Sono tutte in fila per una serata di One Night Parties, una serie di eventi che dal 2019 rientra nel genere play party, cioè feste indirizzate soprattutto alle persone interessate alle pratiche BDSM (acronimo che sta per Bondage e Disciplina, Dominazione e Sottomissione, Sadismo e Masochismo). Servono a far conoscere persone con interessi simili – ovvero che fanno parte della cosiddetta comunità “kinky”, o ne sono incuriosite – e a mettere a disposizione della comunità spazi e strutture che possano essere usati per esplorare le loro fantasie, soprattutto sessuali: frustini, corde, candele, panche, grosse gabbie o croci di Sant’Andrea. Di play party ne esistono tantissimi, in tutta Europa, e non solo nelle città più grandi. One Night Parties, però, rientra in una nicchia molto più ristretta, che negli ultimi anni sta avendo particolare fortuna nel Regno Unito ma di cui si trova qualche esempio anche in Italia: quella dei play party per sole donne.

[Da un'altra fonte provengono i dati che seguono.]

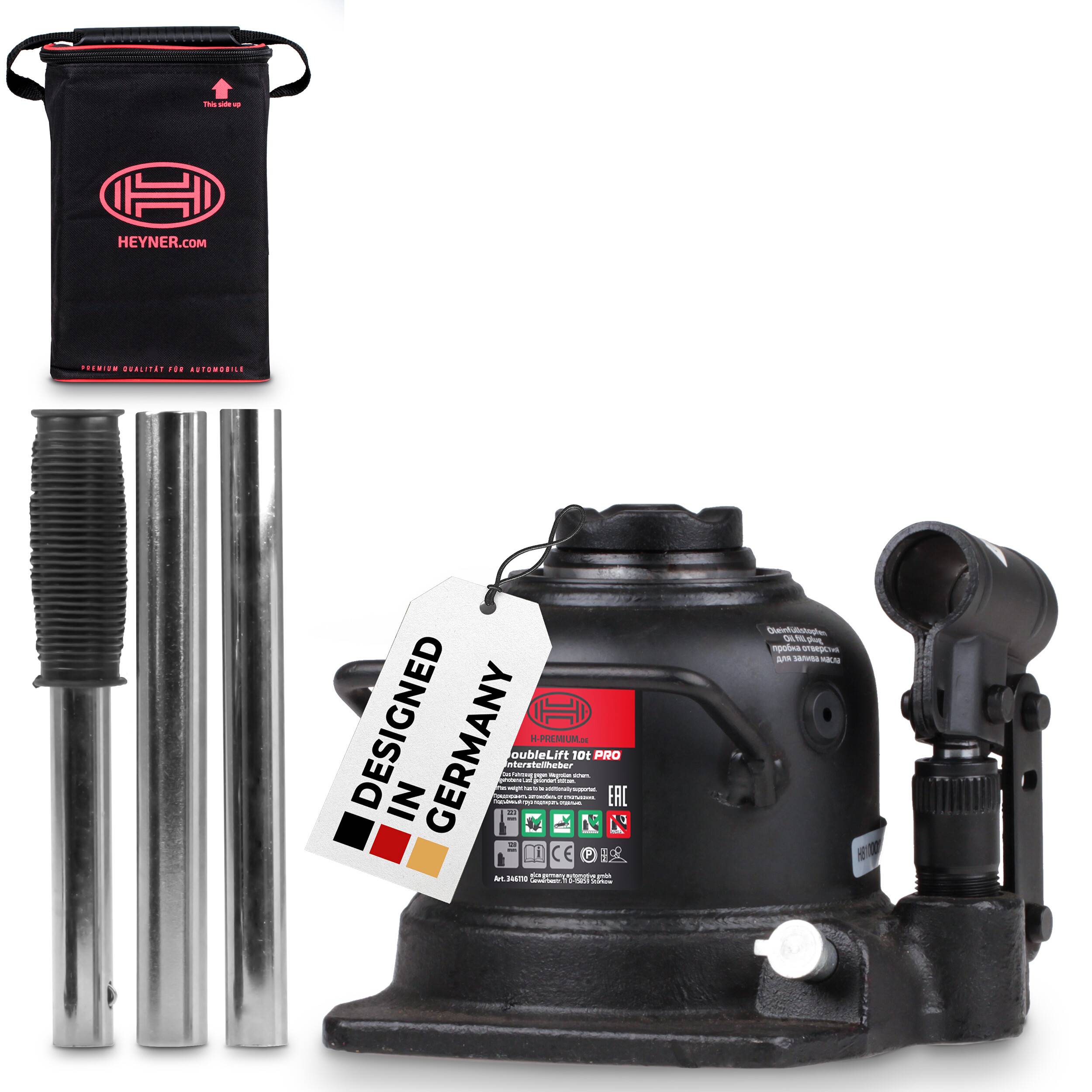 HEYNER® Wagenheber Doppelhub-Unterstellheber Flaschenwagenheber hydraulischer Stempelwagenheber 10t extra flach für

I play party e i sex party si distinguono tra loro perché i primi si rivolgono specificatamente alla comunità kinky e alle sue necessità, mentre i secondi attirano anche persone che hanno gusti sessuali più tradizionali, tra cui molte coppie che cercano una terza o quarta persona con cui fare sesso, o gente a cui piace fare sesso davanti ad altre persone. In entrambi i casi, quasi tutti gli eventi a disposizione sono misti, ovvero aperti a uomini, donne e persone non binarie (cioè la cui identità di genere non è né femminile né maschile).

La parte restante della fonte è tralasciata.